Helping liberals get out of their own way.

Klein, a New York Times columnist, and Thompson, an Atlantic staffer, lean to the left, but they aren’t interrogating the usual suspects. Aware that many conservatives have no interest in their opinions, the authors target their own side’s “pathologies.” Why do red states greenlight the kind of renewable energy projects that often languish in blue states? Why does liberal California have the nation’s most severe homelessness and housing affordability crises? One big reason: Liberal leadership has ensnared itself in a web of well-intentioned yet often onerous “goals, standards, and rules.” This “procedural kludge,” partially shaped by lawyers who pioneered a “democracy by lawsuit” strategy in the 1960s, threatens to stymie key breakthroughs.
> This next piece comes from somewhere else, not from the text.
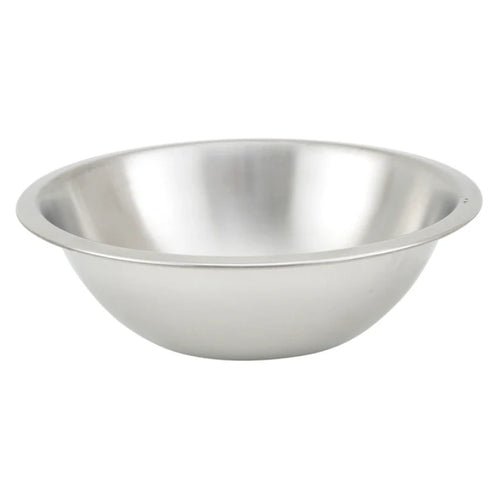 Food Preparation, Heavy-Duty Mixing Bowls by Winco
Consider the anti-pollution laws passed after World War II. In the decades since, homeowners’ groups in liberal locales have cited such statutes in lawsuits meant to stop new affordable housing. Today, these laws “block the clean energy projects” required to tackle climate change. Nuclear energy is “inarguably safer” than the fossil fuel variety, but because Washington doesn’t always “properly weigh risk,” it almost never builds new reactors. Meanwhile, technologies that may cure disease or slash the carbon footprint of cement production benefit from government support, but too often the grant process “rewards caution and punishes outsider thinking.” The authors call this style of governing “everything-bagel liberalism,” so named because of its many government mandates. Instead, they envision “a politics of abundance” that would remake travel, work, and health. This won’t happen without “changing the processes that make building and inventing so hard.” It’s time, then, to scrutinize everything from municipal zoning regulations to the paperwork requirements for scientists getting federal funding. The authors’ debut as a duo is very smart and eminently useful.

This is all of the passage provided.